The governor called for a $1.4 billion hike in child care subsidies, which she said would benefit 400,000 more children. That's still short of a "universal" child care subsidy that would cover all children, a plan some progressive legislators back.

And she called for expanding the state's Tuition Assistance Program to part-time students at universities and community colleges.

In somewhat of a surprise, Hochul wants to begin the process for opening new downstate casinos this year, rather than waiting until 2023. Her administration said it would propose legislation that would allow the state’s gaming board to solicit proposals later this year.

The casinos would not have to be located within the five boroughs of New York City, said Robert Mujica, Hochul’s budget director. Nor would an upstate proposal be ruled out.

Mujica, who also served as Cuomo's budget director, acknowledged the 2% cap on the growth of state spending had been dropped by Hochul. He said state spending now is projected to grow about 3% annually through 2027 and said the decision to spend more on schools and health care is something New Yorkers want as they continue to deal with the pandemic.

"You need to make investments at this time, in this moment, to respond to what's going on in the world," Mujica said. "Governor Hochul does it responsibly … so you have reserves."

Andrew Rein, president of the Citizens Budget Commission of New York, a watchdog group, praised Hochul's decision to boost state reserves to 15% of spending. But he pointed out the national benchmark for states is 17%, so New York is still behind.

Further, Rein noted historically a governor's proposed budget is just the starting point for negotiations and legislators — all 213 are up for reelection this year — typically add billions of dollars in spending.

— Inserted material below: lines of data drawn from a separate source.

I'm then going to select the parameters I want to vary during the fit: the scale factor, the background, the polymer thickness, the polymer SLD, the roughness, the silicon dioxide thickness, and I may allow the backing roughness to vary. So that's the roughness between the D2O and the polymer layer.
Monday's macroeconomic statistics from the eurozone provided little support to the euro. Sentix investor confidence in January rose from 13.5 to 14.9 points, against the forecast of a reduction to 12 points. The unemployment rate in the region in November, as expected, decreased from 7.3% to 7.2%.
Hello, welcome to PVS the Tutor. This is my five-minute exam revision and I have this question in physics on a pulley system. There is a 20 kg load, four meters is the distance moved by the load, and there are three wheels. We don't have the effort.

"This year’s budget negotiations risk a feeding frenzy that could destabilize the state’s future finances," Rein said.

What to know

Major proposals in Gov. Kathy Hochul's $216.3 billion state budget:

  • Increases education spending $2.1 billion overall, a 7% increase.
  • Provides $2.2 billion in property-tax relief.
  • Authorizes $1.2 billion in bonuses and wage hikes for health care workers.
  • Earmarks $1 billion in transportation funds for a “pave our potholes” program around the state.
  • Greenlights $350 million for small-business tax credits.
  • Sets aside 15% of spending for state reserves, such as its “Rainy Day Fund.”
  • Abandons the state's 2% cap on state spending growth.
  • Speeds up the timetable for opening three new downstate casinos.